_Source material:_

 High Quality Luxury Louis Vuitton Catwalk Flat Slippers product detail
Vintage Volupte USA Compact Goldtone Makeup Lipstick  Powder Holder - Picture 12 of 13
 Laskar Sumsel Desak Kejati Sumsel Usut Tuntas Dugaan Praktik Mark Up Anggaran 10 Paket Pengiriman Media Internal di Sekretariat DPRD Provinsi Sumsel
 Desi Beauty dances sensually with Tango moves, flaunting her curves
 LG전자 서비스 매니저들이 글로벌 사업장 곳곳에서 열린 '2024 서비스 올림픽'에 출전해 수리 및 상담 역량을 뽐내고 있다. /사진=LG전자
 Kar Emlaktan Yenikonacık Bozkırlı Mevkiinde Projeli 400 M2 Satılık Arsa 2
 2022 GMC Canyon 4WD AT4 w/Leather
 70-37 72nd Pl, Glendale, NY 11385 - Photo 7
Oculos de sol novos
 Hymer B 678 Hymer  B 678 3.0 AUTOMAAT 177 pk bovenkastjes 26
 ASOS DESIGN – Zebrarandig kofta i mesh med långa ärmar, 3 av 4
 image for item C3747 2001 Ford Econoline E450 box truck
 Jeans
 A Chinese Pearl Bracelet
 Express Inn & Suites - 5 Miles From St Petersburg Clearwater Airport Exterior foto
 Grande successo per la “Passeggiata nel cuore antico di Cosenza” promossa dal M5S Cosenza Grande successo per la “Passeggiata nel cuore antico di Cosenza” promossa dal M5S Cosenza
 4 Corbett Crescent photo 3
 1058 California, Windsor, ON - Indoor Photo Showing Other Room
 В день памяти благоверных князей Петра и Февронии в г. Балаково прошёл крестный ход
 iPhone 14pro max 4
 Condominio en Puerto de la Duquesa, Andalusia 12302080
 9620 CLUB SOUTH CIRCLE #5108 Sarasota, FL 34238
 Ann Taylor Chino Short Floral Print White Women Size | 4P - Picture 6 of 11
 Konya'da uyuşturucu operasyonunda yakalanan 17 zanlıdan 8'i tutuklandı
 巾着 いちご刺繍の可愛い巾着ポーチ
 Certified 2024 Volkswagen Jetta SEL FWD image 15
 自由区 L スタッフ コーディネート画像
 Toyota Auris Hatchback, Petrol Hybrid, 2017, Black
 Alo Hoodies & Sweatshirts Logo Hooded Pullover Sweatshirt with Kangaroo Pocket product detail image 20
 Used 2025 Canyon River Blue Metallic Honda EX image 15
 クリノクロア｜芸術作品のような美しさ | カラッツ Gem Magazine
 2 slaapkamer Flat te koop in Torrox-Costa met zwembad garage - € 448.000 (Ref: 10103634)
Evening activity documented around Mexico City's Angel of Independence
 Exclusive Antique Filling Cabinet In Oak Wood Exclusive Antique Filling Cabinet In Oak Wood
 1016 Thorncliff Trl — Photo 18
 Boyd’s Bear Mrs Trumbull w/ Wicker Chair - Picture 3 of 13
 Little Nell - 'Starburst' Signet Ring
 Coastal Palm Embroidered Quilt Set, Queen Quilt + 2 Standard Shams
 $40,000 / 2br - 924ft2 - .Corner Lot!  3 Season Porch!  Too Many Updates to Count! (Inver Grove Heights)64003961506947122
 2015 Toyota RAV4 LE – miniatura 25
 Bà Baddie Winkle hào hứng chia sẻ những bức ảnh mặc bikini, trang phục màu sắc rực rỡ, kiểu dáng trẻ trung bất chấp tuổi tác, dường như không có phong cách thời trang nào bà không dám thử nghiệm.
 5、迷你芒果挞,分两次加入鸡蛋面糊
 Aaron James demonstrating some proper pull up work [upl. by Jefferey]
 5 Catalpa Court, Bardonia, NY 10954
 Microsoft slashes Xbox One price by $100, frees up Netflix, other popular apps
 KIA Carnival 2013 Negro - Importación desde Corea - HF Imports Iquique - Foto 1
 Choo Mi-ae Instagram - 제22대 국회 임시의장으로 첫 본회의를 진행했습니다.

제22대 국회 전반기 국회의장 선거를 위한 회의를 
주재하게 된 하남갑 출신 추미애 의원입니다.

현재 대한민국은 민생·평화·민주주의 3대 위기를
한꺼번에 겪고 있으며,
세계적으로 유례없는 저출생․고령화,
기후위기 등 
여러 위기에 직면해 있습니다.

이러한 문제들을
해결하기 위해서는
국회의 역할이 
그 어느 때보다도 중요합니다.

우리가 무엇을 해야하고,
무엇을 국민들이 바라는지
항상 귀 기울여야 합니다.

_What to do:_
Write the records above out again precisely.

_Output for this task:_
 High Quality Luxury Louis Vuitton Catwalk Flat Slippers product detail
Vintage Volupte USA Compact Goldtone Makeup Lipstick  Powder Holder - Picture 12 of 13
 Laskar Sumsel Desak Kejati Sumsel Usut Tuntas Dugaan Praktik Mark Up Anggaran 10 Paket Pengiriman Media Internal di Sekretariat DPRD Provinsi Sumsel
 Desi Beauty dances sensually with Tango moves, flaunting her curves
 LG전자 서비스 매니저들이 글로벌 사업장 곳곳에서 열린 '2024 서비스 올림픽'에 출전해 수리 및 상담 역량을 뽐내고 있다. /사진=LG전자
 Kar Emlaktan Yenikonacık Bozkırlı Mevkiinde Projeli 400 M2 Satılık Arsa 2
 2022 GMC Canyon 4WD AT4 w/Leather
 70-37 72nd Pl, Glendale, NY 11385 - Photo 7
Oculos de sol novos
 Hymer B 678 Hymer  B 678 3.0 AUTOMAAT 177 pk bovenkastjes 26
 ASOS DESIGN – Zebrarandig kofta i mesh med långa ärmar, 3 av 4
 image for item C3747 2001 Ford Econoline E450 box truck
 Jeans
 A Chinese Pearl Bracelet
 Express Inn & Suites - 5 Miles From St Petersburg Clearwater Airport Exterior foto
 Grande successo per la “Passeggiata nel cuore antico di Cosenza” promossa dal M5S Cosenza Grande successo per la “Passeggiata nel cuore antico di Cosenza” promossa dal M5S Cosenza
 4 Corbett Crescent photo 3
 1058 California, Windsor, ON - Indoor Photo Showing Other Room
 В день памяти благоверных князей Петра и Февронии в г. Балаково прошёл крестный ход
 iPhone 14pro max 4
 Condominio en Puerto de la Duquesa, Andalusia 12302080
 9620 CLUB SOUTH CIRCLE #5108 Sarasota, FL 34238
 Ann Taylor Chino Short Floral Print White Women Size | 4P - Picture 6 of 11
 Konya'da uyuşturucu operasyonunda yakalanan 17 zanlıdan 8'i tutuklandı
 巾着 いちご刺繍の可愛い巾着ポーチ
 Certified 2024 Volkswagen Jetta SEL FWD image 15
 自由区 L スタッフ コーディネート画像
 Toyota Auris Hatchback, Petrol Hybrid, 2017, Black
 Alo Hoodies & Sweatshirts Logo Hooded Pullover Sweatshirt with Kangaroo Pocket product detail image 20
 Used 2025 Canyon River Blue Metallic Honda EX image 15
 クリノクロア｜芸術作品のような美しさ | カラッツ Gem Magazine
 2 slaapkamer Flat te koop in Torrox-Costa met zwembad garage - € 448.000 (Ref: 10103634)
Evening activity documented around Mexico City's Angel of Independence
 Exclusive Antique Filling Cabinet In Oak Wood Exclusive Antique Filling Cabinet In Oak Wood
 1016 Thorncliff Trl — Photo 18
 Boyd’s Bear Mrs Trumbull w/ Wicker Chair - Picture 3 of 13
 Little Nell - 'Starburst' Signet Ring
 Coastal Palm Embroidered Quilt Set, Queen Quilt + 2 Standard Shams
 $40,000 / 2br - 924ft2 - .Corner Lot!  3 Season Porch!  Too Many Updates to Count! (Inver Grove Heights)64003961506947122
 2015 Toyota RAV4 LE – miniatura 25
 Bà Baddie Winkle hào hứng chia sẻ những bức ảnh mặc bikini, trang phục màu sắc rực rỡ, kiểu dáng trẻ trung bất chấp tuổi tác, dường như không có phong cách thời trang nào bà không dám thử nghiệm.
 5、迷你芒果挞,分两次加入鸡蛋面糊
 Aaron James demonstrating some proper pull up work [upl. by Jefferey]
 5 Catalpa Court, Bardonia, NY 10954
 Microsoft slashes Xbox One price by $100, frees up Netflix, other popular apps
 KIA Carnival 2013 Negro - Importación desde Corea - HF Imports Iquique - Foto 1
 Choo Mi-ae Instagram - 제22대 국회 임시의장으로 첫 본회의를 진행했습니다.

제22대 국회 전반기 국회의장 선거를 위한 회의를 
주재하게 된 하남갑 출신 추미애 의원입니다.

현재 대한민국은 민생·평화·민주주의 3대 위기를
한꺼번에 겪고 있으며,
세계적으로 유례없는 저출생․고령화,
기후위기 등 
여러 위기에 직면해 있습니다.

이러한 문제들을
해결하기 위해서는
국회의 역할이 
그 어느 때보다도 중요합니다.

우리가 무엇을 해야하고,
무엇을 국민들이 바라는지
항상 귀 기울여야 합니다.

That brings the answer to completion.